A lost treasure in Delaware Bay
Recently in 2004, Groot Constantia received another significant endorsement when an American citizen picked up a piece of glass on the beach at Lewes, Delaware, on the east coast of America.
The piece of glass had an inscription "Constantia Wyn" on it and American historians traced this artefact which was found among other porcelain items, to a ship that stranded in the Delaware Bay in 1774. The ship was a British supply ship named the Severn, sank in the Delaware Bay after being hit by a storm. The wreckage was only discovered in 2004.
Unfortunately the bottle of Groot Constantia wine was broken during the storm and except for the engraved inscription, the bottle offered no other clue as to what had been inside. It was probably one of the sweet wines that Constantia was known for at that time.
Jean Naudé, General Manager of the Estate, was invited to a formal ceremony in Lewes, where a certificate signed by the Secretary of State of Delaware, Harriet Smith Windsor, was handed to him.

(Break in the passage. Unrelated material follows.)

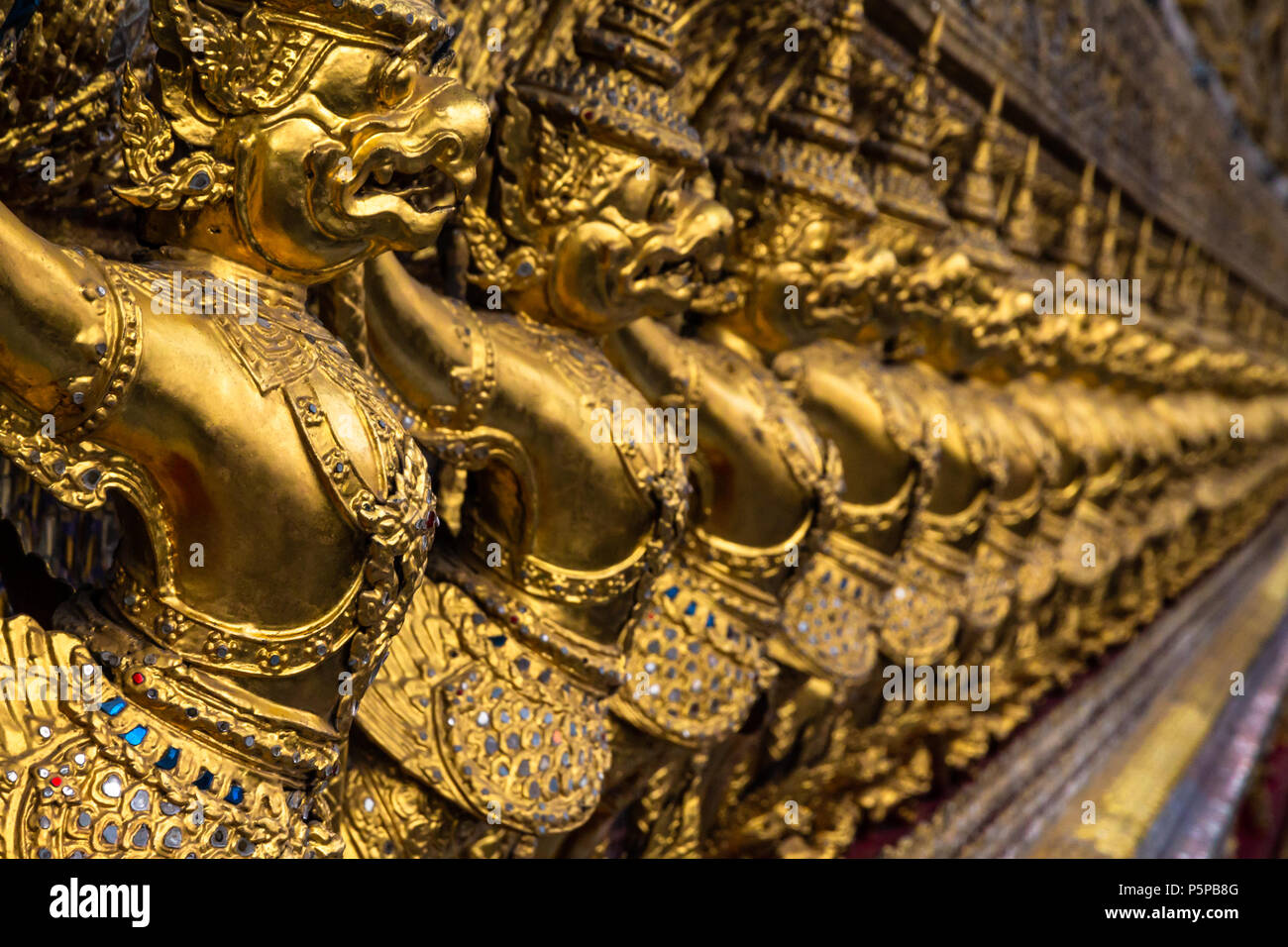 Row of golden Garuda figures from Thai mythology, adorning the interior of Wat Phra Kaew (Temple of the Emerald Buddha). Located in the Grand Palace, Stock Photo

An extract from the certificate reads:
"Because of the broken wine bottle recovered from the ‘Severn’ for marketing to the colonies, the State of Delaware and the Groot Constantia Estate and Winery will always share an association. It continues today, uniquely providing a link to our past, our maritime heritage and our ties to the sea.”
To commemorate this discovery, the Grand Constance wine bottle carries a replica of the inscription of the glass artefact, found on the beach at Lewes. The Grand Constance wine is a modern version of wine made during the 1700 and 1800's, making Groot Constantia world famous.